Ergänzende – nicht zu unterschätzende – Aspekte für die Strategieumsetzung in Ihrem Autohaus sind die Fähigkeit Ihrer Mitarbeiter und Führungskräfte, mit Stresssituationen umzugehen sowie die Verankerung von Nachhaltigkeitskomponenten in den Vergütungsbestandteilen.
Transparenz
Transparenz bezieht sich zum einen auf den Grad der Vorbereitung und Dokumentation von Entscheidungen und zum anderen auf die Berichterstattung zu Nachhaltigkeitsthemen. Wesentlich ist hier die Integration und Gleichbehandlung nicht-finanzieller Kennzahlen im Vergleich zu den herkömmlichen Controllinggrößen in der Unternehmensführung.

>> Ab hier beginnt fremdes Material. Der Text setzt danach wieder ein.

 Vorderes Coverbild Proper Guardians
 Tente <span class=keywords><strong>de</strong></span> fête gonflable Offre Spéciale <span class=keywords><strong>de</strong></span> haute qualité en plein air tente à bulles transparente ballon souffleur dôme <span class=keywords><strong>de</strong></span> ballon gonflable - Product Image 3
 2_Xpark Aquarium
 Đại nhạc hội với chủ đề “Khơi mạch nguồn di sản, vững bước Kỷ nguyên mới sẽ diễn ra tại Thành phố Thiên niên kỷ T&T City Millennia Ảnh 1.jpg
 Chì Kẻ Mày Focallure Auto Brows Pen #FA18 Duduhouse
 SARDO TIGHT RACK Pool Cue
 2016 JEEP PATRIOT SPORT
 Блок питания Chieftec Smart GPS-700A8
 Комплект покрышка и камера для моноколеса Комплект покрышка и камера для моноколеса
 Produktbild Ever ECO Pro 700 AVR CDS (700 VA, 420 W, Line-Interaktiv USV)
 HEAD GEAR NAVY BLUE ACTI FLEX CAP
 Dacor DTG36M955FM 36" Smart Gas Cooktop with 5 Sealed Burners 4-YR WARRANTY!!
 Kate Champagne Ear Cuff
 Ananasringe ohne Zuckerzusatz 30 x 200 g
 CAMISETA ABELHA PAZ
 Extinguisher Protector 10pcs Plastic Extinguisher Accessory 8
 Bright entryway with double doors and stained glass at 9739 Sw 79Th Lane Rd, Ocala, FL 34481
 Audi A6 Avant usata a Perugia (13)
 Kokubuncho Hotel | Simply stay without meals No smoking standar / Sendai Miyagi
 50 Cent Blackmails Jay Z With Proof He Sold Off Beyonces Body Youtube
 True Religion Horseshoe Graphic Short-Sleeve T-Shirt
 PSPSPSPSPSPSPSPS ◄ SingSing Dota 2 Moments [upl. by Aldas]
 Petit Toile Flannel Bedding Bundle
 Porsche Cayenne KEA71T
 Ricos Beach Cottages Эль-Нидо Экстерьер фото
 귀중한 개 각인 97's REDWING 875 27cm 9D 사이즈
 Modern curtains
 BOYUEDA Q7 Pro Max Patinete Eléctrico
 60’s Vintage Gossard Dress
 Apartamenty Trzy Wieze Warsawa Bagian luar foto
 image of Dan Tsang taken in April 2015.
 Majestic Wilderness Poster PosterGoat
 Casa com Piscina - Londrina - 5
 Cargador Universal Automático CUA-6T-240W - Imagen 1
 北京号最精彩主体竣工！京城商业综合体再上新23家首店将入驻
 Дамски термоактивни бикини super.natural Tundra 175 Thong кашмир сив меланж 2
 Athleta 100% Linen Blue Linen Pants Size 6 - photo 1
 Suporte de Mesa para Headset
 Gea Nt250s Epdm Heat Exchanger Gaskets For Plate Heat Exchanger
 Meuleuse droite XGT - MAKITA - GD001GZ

Welche Fragen Sie sich stellen – und beantworten – müssen
Die folgenden Leitfragen bieten eine erste Orientierung, wo Ihr Autohaus auf dem Weg zu einer Nachhaltigkeitsstrategie steht.
Checkliste / Acht Leitfragen zur Selbsteinschätzung | |
Formulieren und kommunizieren Sie eine Vision und einen Geschäftszweck („Purpose“), auf dessen Basis Sie eine generationenübergreifende, autonome Unternehmensexistenz anstreben? | ❒ |
Gibt es eine wirksame „Family-Governance“ z. B. in Form verbindlicher Konfliktlösungsmechanismen sowie einen kompetenten und wirksamen Beirat oder Aufsichtsrat? | ❒ |
Weist Ihr Autohaus auf Basis von Diversifizierung in neuen Geschäftsfeldern oder Marktanteilsgewinnung in bestehenden Geschäftsfeldern dauerhaft ein positives reales Umsatz- und Ergebniswachstum auf, das nicht nur auf Preissteigerungen basiert? | ❒ |
Ist der Einfluss externer Risiken auf das Ergebnis Ihres Autohauses gering und liegt die Gesamtkapitalrendite klar über dem vom Risikoumfang abhängigen Kapitalkostensatz? | ❒ |
Ist das Risikodeckungspotential (Eigenkapital und Liquiditätsausstattung) belegbar deutlich größer als der Gesamtrisikoumfang bzw. der Eigenkapitalbedarf (z. B. gemessen anhand des Value at Risk)? | ❒ |
Verfügt Ihr Autohaus über motivierte und hoch kompetente Mitarbeiter und ist es konsistent attraktiv für externe Bewerber? | ❒ |
Sind die Wertschöpfungsprozesse krisensicher und gelingt es, kritische Abhängigkeiten von wenigen Kunden, Lieferanten und Finanzierungspartnern zu vermeiden? | ❒ |
Liegen bei sämtlichen unternehmerischen Entscheidungen, die Sie als Inhaber oder Geschäftsführung treffen, dokumentierte Entscheidungsvorlagen vor, die alle wesentlichen Faktoren abwägend enthalten (z. B. Handlungsoptionen, Annahmen, Prognosen sowie ermittelte Auswirkungen auf das aggregierte Chancen-/Risikoprofil des Autohauses?) | ❒ |
Wichtig | Handlungsbedarf im Strategieprozess bzw. ganz grundsätzlich in der Art und Weise der Unternehmensaufstellung besteht dann, wenn Sie diese – aus Sicht der Nachhaltigkeit substantiellen Fragen – nicht zweifelsfrei und auch quantitativ belegbar zustimmend beantworten können.